Task input:

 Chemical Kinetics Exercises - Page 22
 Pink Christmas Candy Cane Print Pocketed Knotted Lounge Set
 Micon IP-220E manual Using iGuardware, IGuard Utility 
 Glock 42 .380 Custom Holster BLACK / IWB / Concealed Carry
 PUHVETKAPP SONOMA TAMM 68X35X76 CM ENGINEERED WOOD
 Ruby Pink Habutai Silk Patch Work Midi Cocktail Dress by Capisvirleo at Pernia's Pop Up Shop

Problem requirements: Transcribe the listing above in full, word for word.

Response to the exercise:
 Chemical Kinetics Exercises - Page 22
 Pink Christmas Candy Cane Print Pocketed Knotted Lounge Set
 Micon IP-220E manual Using iGuardware, IGuard Utility 
 Glock 42 .380 Custom Holster BLACK / IWB / Concealed Carry
 PUHVETKAPP SONOMA TAMM 68X35X76 CM ENGINEERED WOOD
 Ruby Pink Habutai Silk Patch Work Midi Cocktail Dress by Capisvirleo at Pernia's Pop Up Shop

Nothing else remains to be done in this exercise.